Work to be completed: Starting at the line that contains "Image de Commode" and ending at the line that contains "Casio Vintage AQ-230EBLT-1AER", the lines below are to be given again exactly, with nothing added.
── Information shown ──
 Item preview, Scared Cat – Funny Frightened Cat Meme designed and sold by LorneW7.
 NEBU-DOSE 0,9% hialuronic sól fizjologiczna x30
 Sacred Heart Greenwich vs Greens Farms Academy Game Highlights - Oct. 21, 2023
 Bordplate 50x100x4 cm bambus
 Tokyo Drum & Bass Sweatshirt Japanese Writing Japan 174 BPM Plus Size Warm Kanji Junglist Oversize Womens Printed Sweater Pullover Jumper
───
── Information shown ──
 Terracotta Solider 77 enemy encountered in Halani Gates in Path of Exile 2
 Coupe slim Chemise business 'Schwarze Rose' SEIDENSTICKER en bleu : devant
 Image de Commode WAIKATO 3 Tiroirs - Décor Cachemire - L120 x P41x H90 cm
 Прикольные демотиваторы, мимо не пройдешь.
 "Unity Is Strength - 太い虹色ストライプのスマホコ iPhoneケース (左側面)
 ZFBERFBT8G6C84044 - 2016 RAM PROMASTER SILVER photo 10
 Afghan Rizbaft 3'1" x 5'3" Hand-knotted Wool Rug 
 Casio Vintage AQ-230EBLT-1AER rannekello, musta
───
Exercise result:
 Image de Commode WAIKATO 3 Tiroirs - Décor Cachemire - L120 x P41x H90 cm
 Прикольные демотиваторы, мимо не пройдешь.
 "Unity Is Strength - 太い虹色ストライプのスマホコ iPhoneケース (左側面)
 ZFBERFBT8G6C84044 - 2016 RAM PROMASTER SILVER photo 10
 Afghan Rizbaft 3'1" x 5'3" Hand-knotted Wool Rug 
 Casio Vintage AQ-230EBLT-1AER rannekello, musta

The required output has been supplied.